**TASK**
Pictures are to be omitted. Output only the lines from the one containing "Kubek magiczny świąteczny" through the end of the data, word for word.

**PROVIDED RECORDS**
[Start of Attachment]
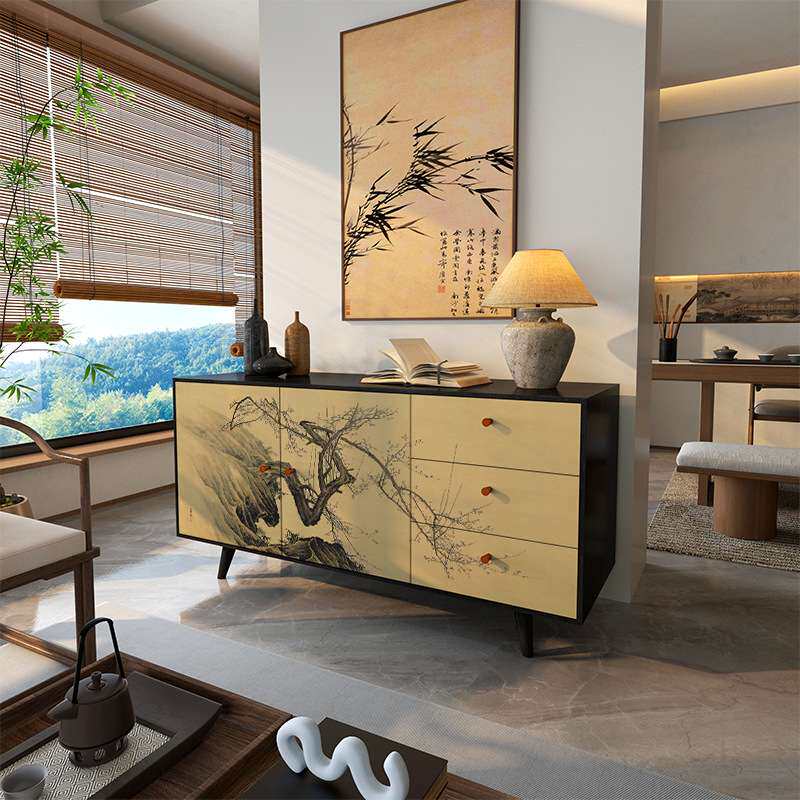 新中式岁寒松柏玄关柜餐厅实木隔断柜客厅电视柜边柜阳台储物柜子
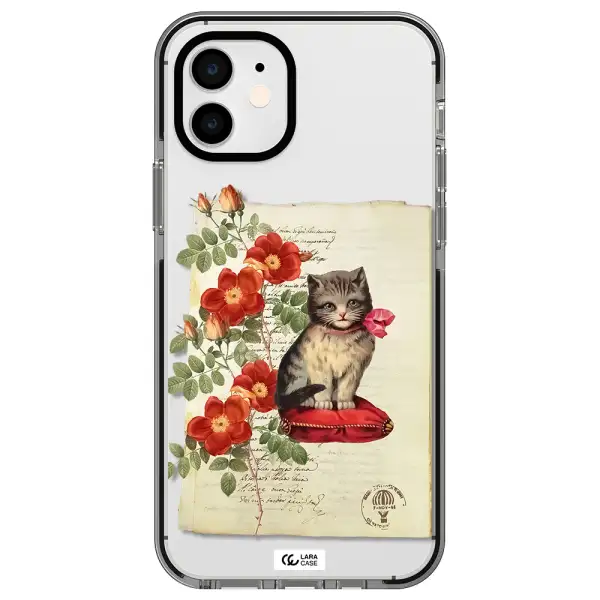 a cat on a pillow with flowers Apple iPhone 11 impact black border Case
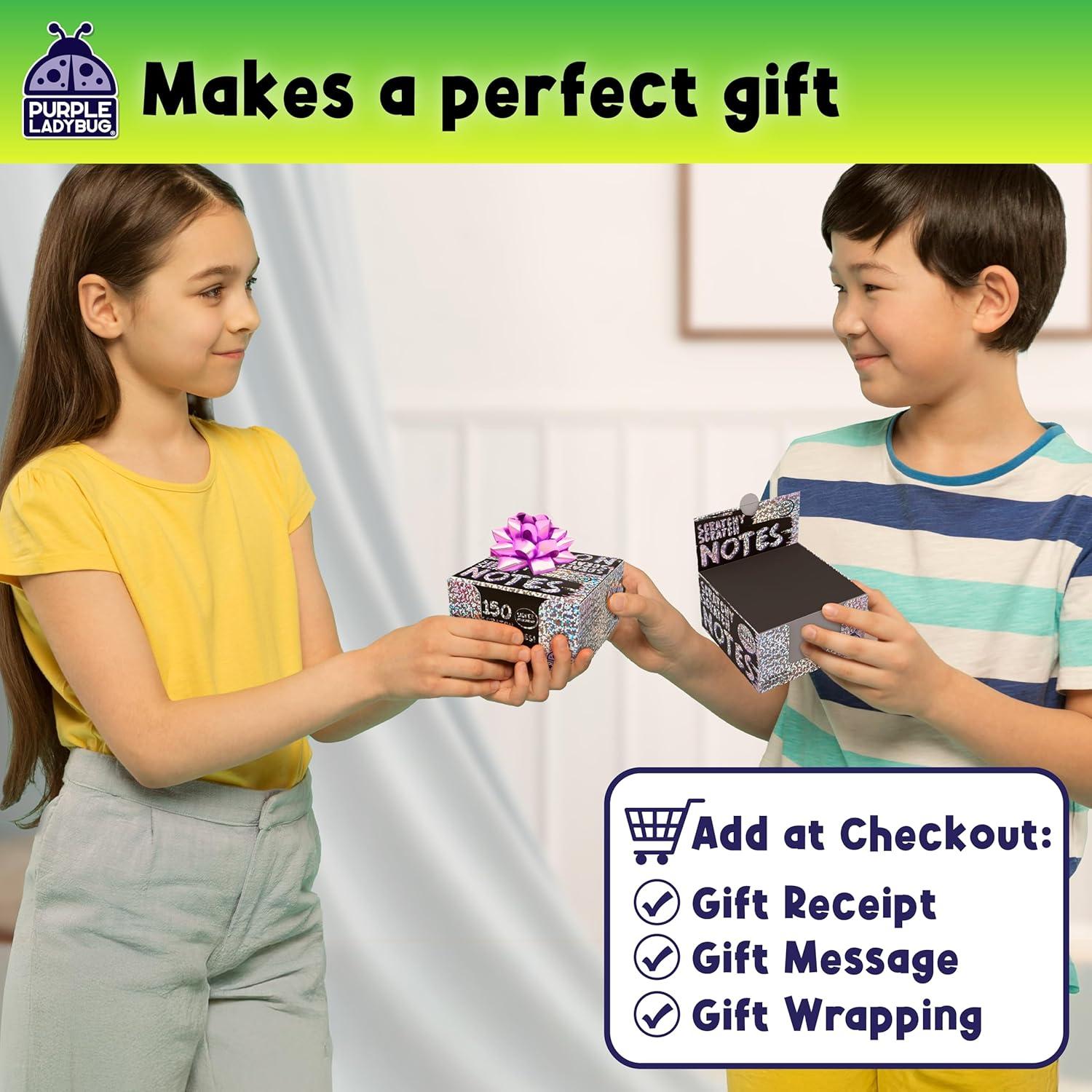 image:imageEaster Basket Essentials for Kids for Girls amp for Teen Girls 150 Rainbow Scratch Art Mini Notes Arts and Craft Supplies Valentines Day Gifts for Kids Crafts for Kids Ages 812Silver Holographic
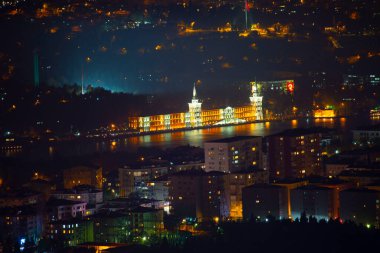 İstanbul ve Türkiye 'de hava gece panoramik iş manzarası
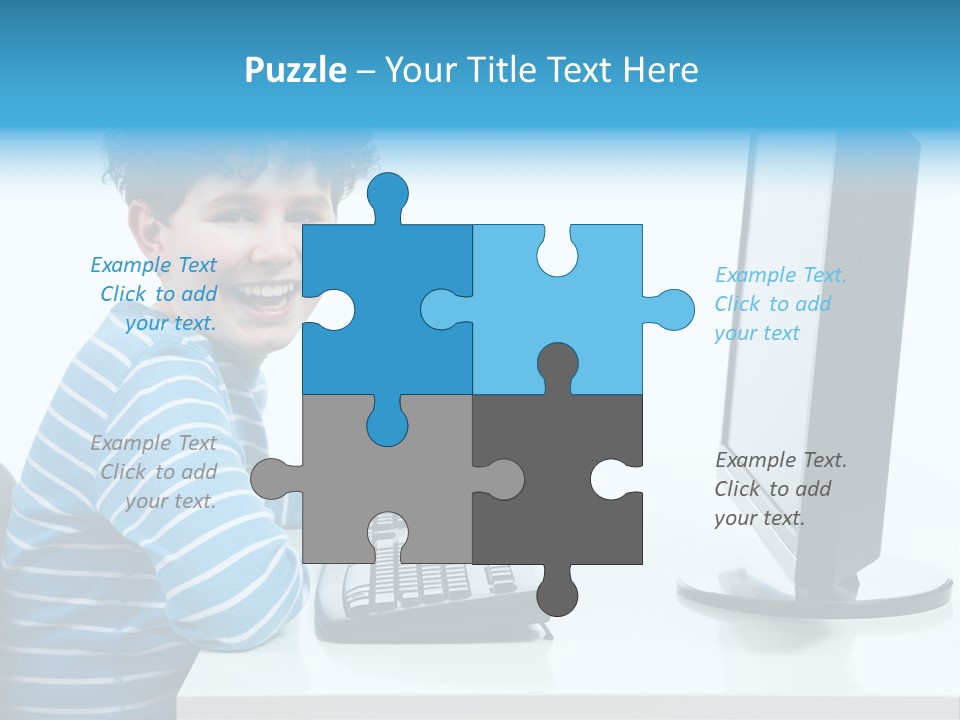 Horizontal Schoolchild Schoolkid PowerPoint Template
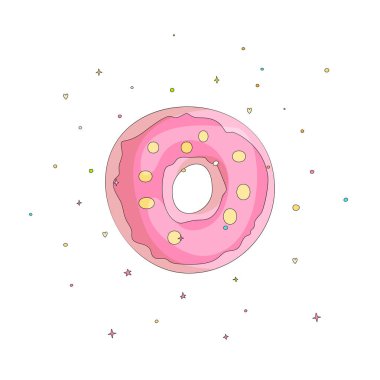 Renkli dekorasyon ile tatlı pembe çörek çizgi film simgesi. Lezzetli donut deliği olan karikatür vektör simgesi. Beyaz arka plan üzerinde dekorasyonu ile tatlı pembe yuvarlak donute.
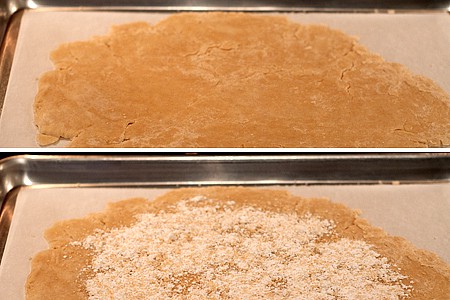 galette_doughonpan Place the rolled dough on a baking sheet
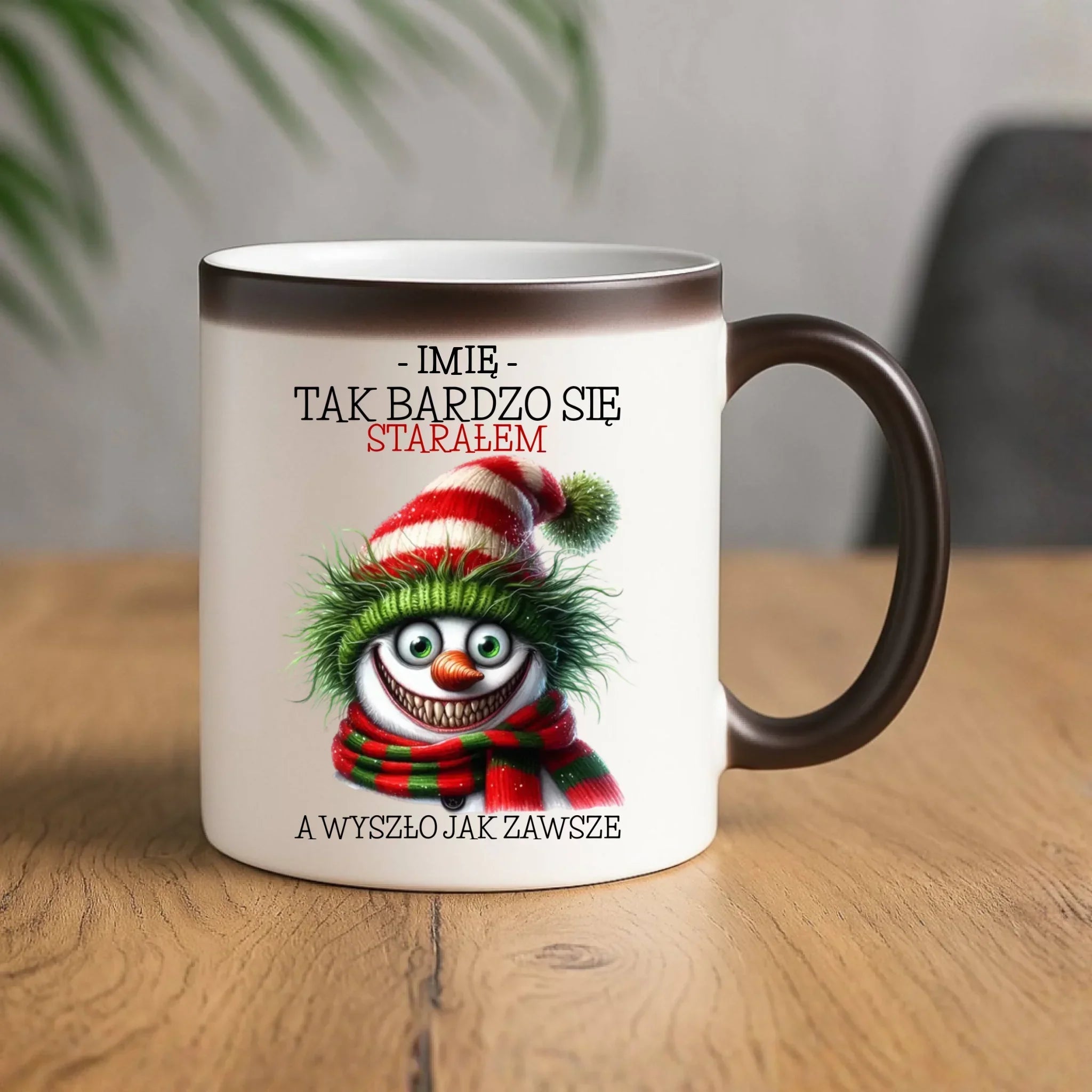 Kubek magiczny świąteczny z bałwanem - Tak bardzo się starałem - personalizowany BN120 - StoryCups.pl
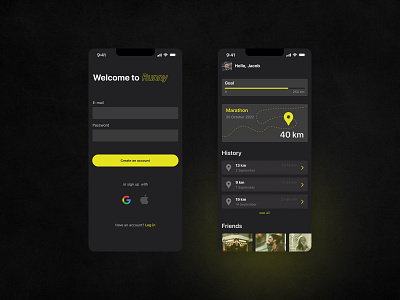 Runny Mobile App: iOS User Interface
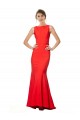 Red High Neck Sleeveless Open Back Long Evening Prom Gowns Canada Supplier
[End of Attachment]
**REPLY**
 Kubek magiczny świąteczny z bałwanem - Tak bardzo się starałem - personalizowany BN120 - StoryCups.pl
 Runny Mobile App: iOS User Interface
 Red High Neck Sleeveless Open Back Long Evening Prom Gowns Canada Supplier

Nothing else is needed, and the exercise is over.